- [Task input]:
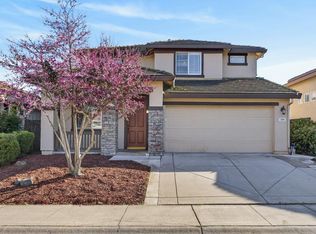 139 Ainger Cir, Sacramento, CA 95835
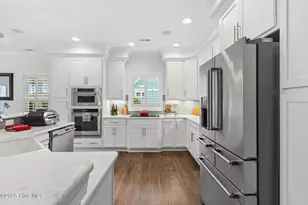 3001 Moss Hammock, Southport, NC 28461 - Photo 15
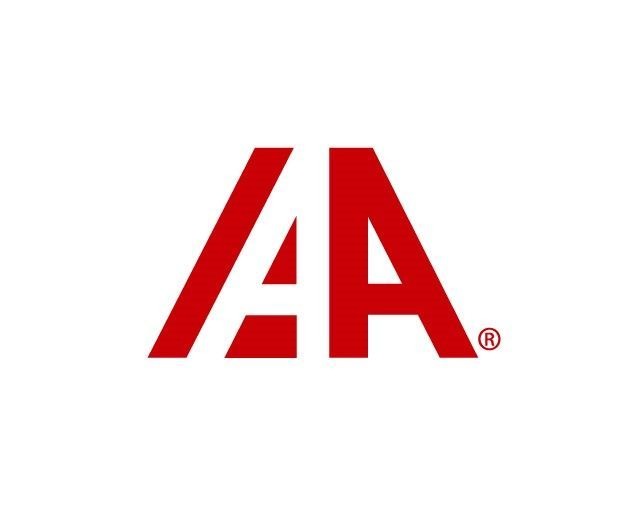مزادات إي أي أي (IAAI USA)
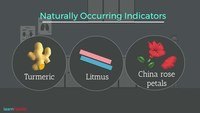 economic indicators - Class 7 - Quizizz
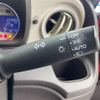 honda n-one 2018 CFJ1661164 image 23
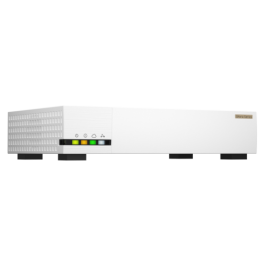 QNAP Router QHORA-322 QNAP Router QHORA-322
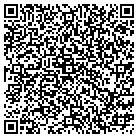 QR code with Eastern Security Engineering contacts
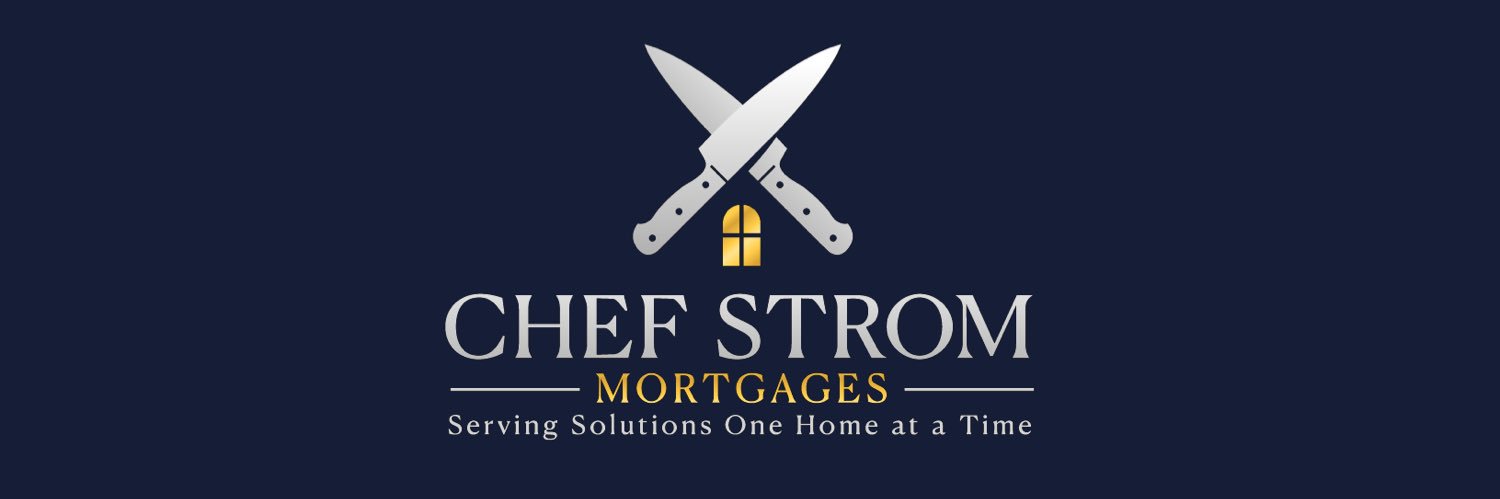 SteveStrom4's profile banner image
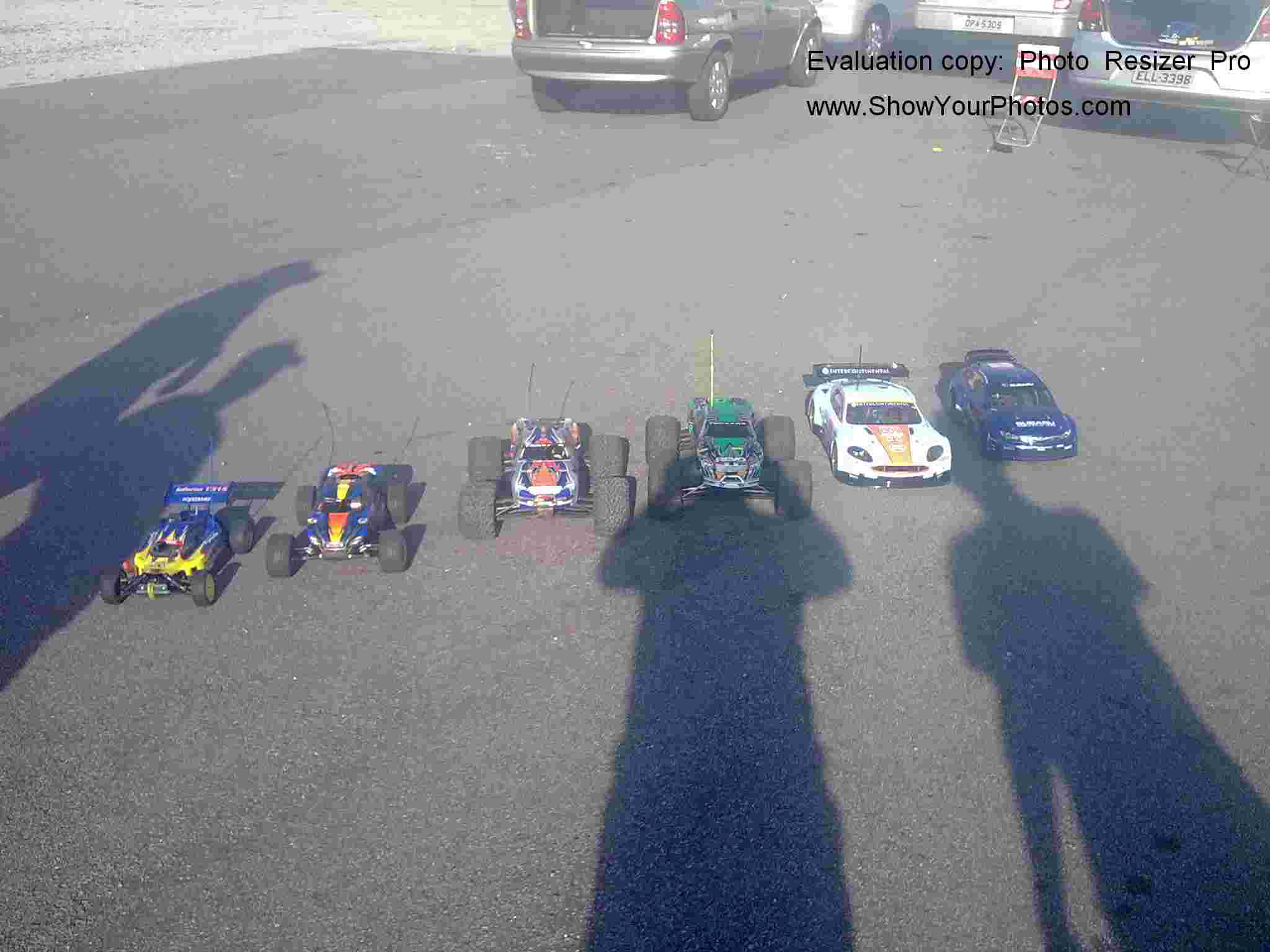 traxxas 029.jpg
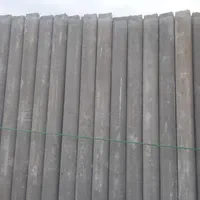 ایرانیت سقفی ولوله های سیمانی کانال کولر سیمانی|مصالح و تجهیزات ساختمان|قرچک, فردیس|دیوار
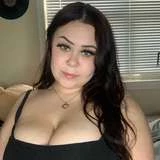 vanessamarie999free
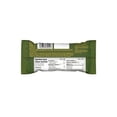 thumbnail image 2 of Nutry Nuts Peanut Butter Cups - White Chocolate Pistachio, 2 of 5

* * *

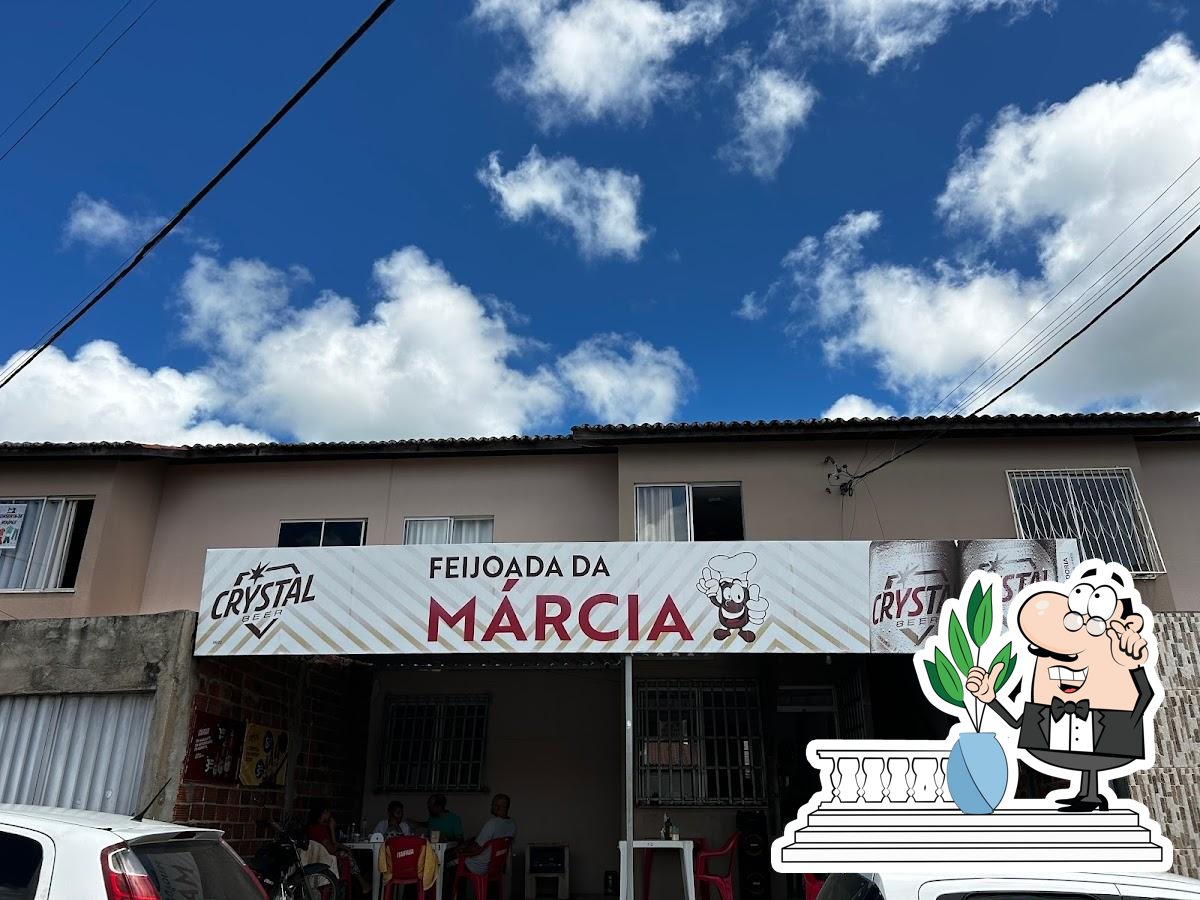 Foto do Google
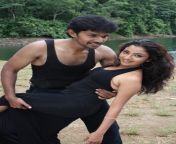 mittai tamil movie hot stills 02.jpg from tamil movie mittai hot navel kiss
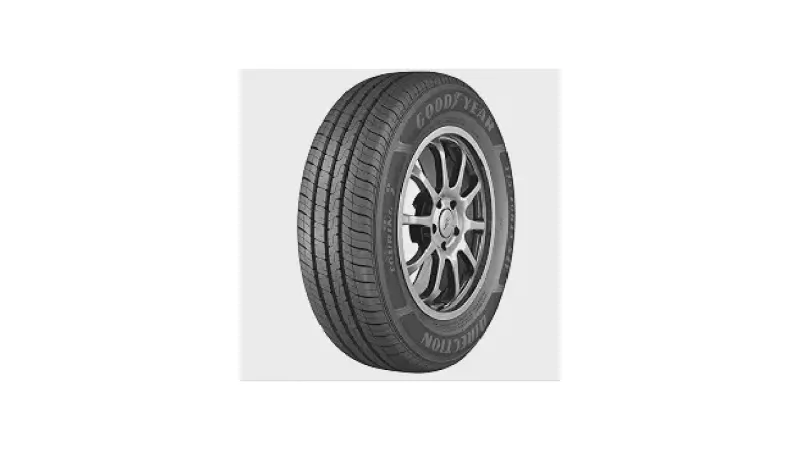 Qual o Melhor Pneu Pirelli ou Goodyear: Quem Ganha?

- [Task brief]: Given the entries above, transcribe exactly the lines from the one holding "QNAP Router QHORA-322 QNAP Router QHORA-322" through the one holding "thumbnail image 2"; pictures do not belong in the transcription.

- [Exercise answer]:
 QNAP Router QHORA-322 QNAP Router QHORA-322
 QR code with Eastern Security Engineering contacts
 SteveStrom4's profile banner image
 traxxas 029.jpg
 ایرانیت سقفی ولوله های سیمانی کانال کولر سیمانی|مصالح و تجهیزات ساختمان|قرچک, فردیس|دیوار
 vanessamarie999free
 thumbnail image 2 of Nutry Nuts Peanut Butter Cups - White Chocolate Pistachio, 2 of 5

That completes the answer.